Pierson and Zuckerman say taking a gap year was often a point of connection they found with other students who had the same experience. Northwestern organized a gap year bonfire during orientation, and Pierson says he had been spending most of his time with other transfers he met during Wildcat Welcome and first-years who took gap years. He has also looked for connection through student groups like the men’s club soccer team.
“I feel like integrating into the community of kids that have been here will just come with time,” Pierson says.

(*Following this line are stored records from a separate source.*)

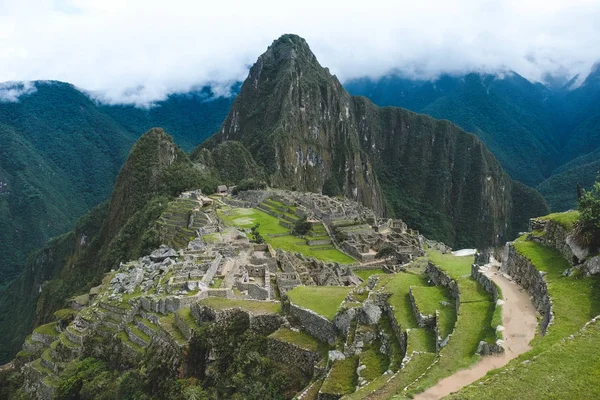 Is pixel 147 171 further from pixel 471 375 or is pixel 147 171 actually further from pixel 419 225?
pixel 419 225

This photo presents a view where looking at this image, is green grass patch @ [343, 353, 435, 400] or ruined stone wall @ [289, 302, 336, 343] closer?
green grass patch @ [343, 353, 435, 400]

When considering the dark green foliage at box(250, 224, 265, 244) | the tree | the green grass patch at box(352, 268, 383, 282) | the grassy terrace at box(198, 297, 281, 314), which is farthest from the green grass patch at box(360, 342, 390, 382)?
the dark green foliage at box(250, 224, 265, 244)

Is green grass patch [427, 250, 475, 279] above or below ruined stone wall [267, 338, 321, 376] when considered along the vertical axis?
above

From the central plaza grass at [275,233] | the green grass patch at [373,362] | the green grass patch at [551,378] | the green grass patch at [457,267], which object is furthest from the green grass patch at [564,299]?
the central plaza grass at [275,233]

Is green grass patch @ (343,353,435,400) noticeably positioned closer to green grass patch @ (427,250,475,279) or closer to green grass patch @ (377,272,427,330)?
green grass patch @ (377,272,427,330)

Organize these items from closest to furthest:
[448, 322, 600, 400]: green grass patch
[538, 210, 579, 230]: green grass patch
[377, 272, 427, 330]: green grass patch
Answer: [448, 322, 600, 400]: green grass patch, [377, 272, 427, 330]: green grass patch, [538, 210, 579, 230]: green grass patch

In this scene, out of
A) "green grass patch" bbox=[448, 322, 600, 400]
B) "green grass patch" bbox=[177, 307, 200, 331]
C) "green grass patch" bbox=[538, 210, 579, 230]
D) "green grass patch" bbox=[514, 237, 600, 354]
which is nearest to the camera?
"green grass patch" bbox=[448, 322, 600, 400]

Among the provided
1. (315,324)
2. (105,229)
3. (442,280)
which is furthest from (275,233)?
(105,229) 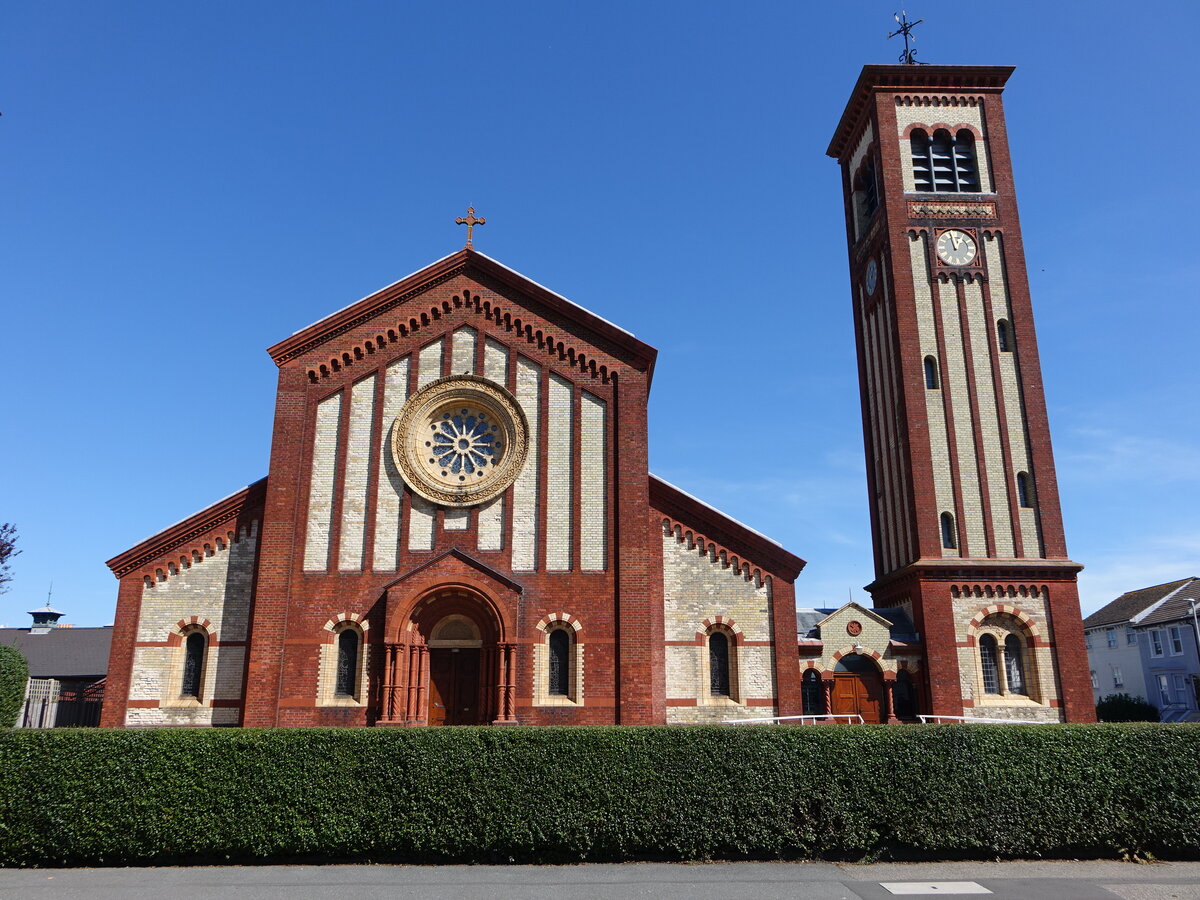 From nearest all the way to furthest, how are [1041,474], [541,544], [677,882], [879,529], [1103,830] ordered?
1. [677,882]
2. [1103,830]
3. [541,544]
4. [1041,474]
5. [879,529]

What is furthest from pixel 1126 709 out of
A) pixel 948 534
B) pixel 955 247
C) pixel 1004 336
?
pixel 955 247

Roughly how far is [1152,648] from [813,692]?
1559 inches

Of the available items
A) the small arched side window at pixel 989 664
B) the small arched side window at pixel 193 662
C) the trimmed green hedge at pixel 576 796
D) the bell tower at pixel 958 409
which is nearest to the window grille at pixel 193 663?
the small arched side window at pixel 193 662

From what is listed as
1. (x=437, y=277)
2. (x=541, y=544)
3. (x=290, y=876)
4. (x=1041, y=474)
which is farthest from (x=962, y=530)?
(x=290, y=876)

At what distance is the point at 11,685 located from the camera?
1775 centimetres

Zuckerman says she switched from McCormick to Weinberg during her gap year since the time off changed her perspective on her academics. She realized she wanted to be able to pick from a broader curriculum to accommodate her growing interests. As a whole, Zuckerman says she has no regrets about her gap year.
“I have a more nuanced perspective on college in that it’s not the end-all be-all,” she says. “If a test doesn’t go my way or if something doesn’t happen that I want to happen, I see the bigger picture a lot easier than I could have before just because I’ve enjoyed so many things outside of college.”